--- PROBLEM DETAILS ---
Beginning with the line of the entries below that holds "Lot 105 - A" and ending with the line that holds "The selected image", transcribe each line exactly as written. Pictures stay out.

··· EXERCISE MATERIAL ···

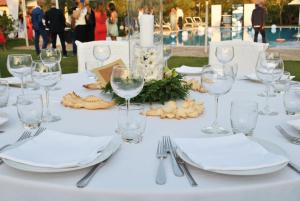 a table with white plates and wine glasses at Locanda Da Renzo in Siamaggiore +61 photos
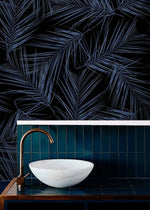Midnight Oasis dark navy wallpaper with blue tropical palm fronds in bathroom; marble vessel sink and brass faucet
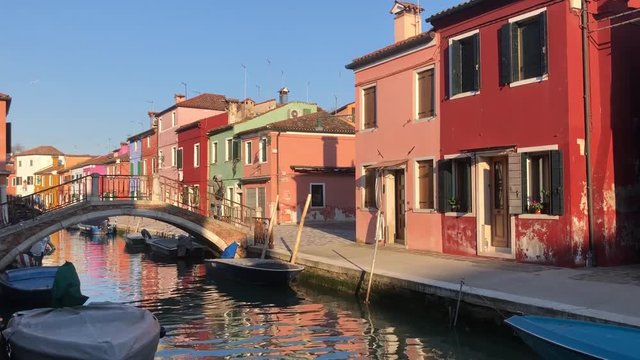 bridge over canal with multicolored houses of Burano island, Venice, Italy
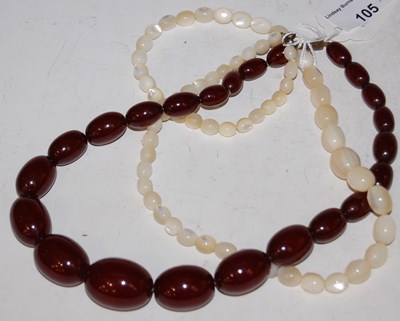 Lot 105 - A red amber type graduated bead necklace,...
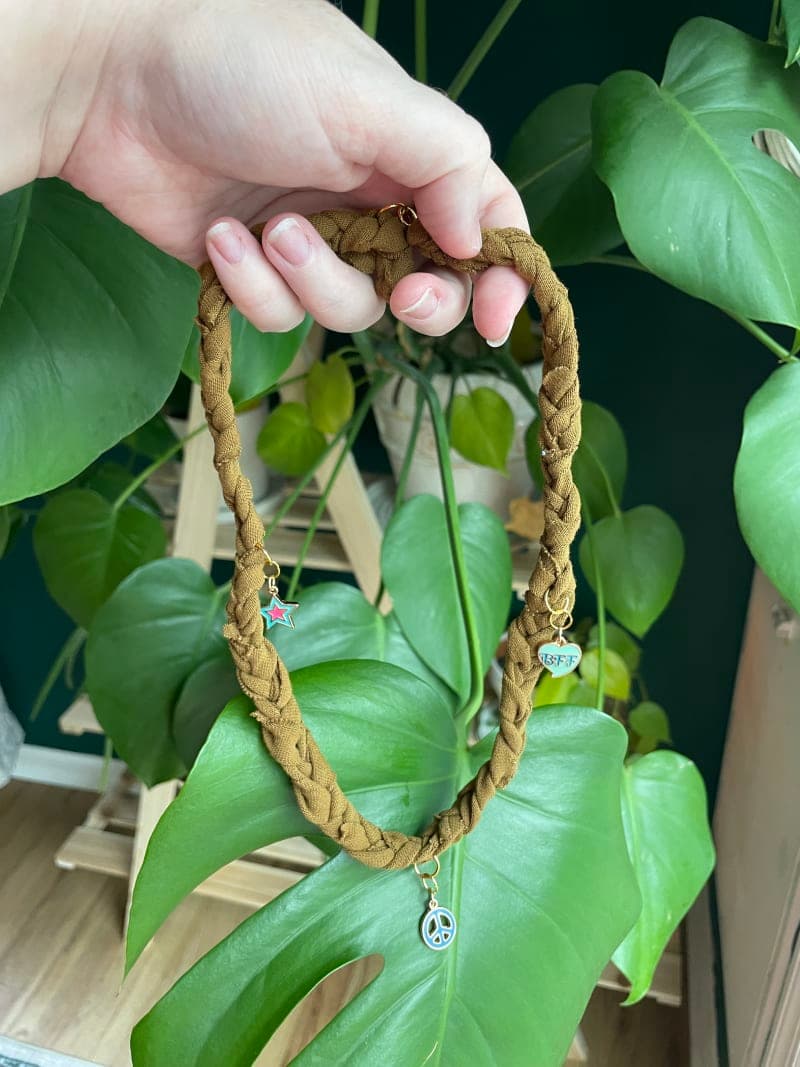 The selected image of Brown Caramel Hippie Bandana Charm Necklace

···
··· EXERCISE MATERIAL ···

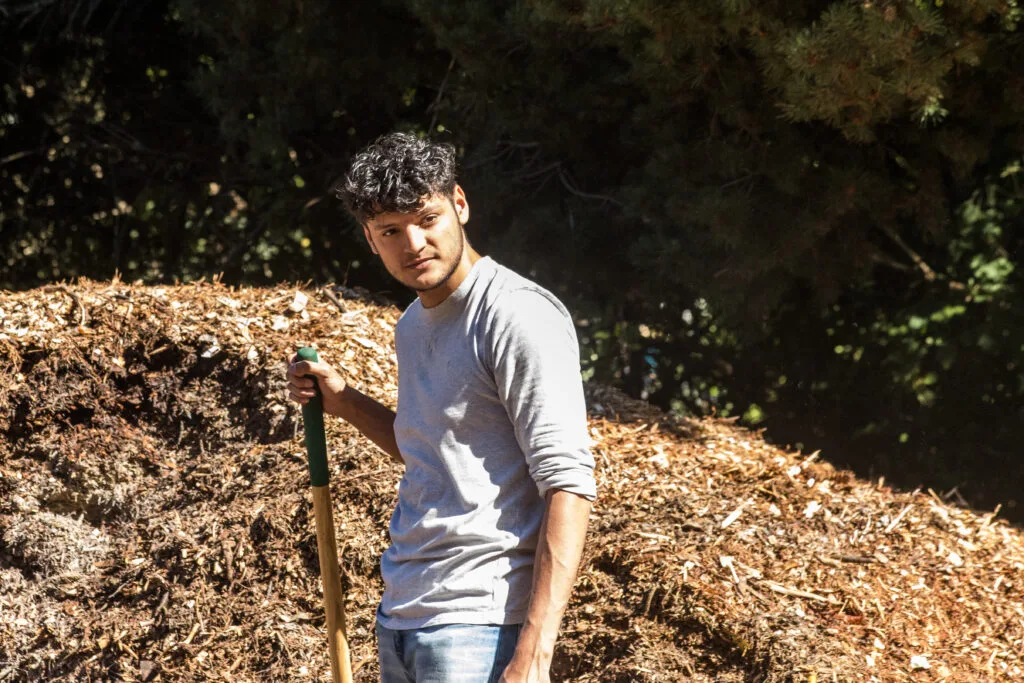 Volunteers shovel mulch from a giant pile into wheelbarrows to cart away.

···

--- TASK RESPONSE ---
 Lot 105 - A red amber type graduated bead necklace,...
 The selected image of Brown Caramel Hippie Bandana Charm Necklace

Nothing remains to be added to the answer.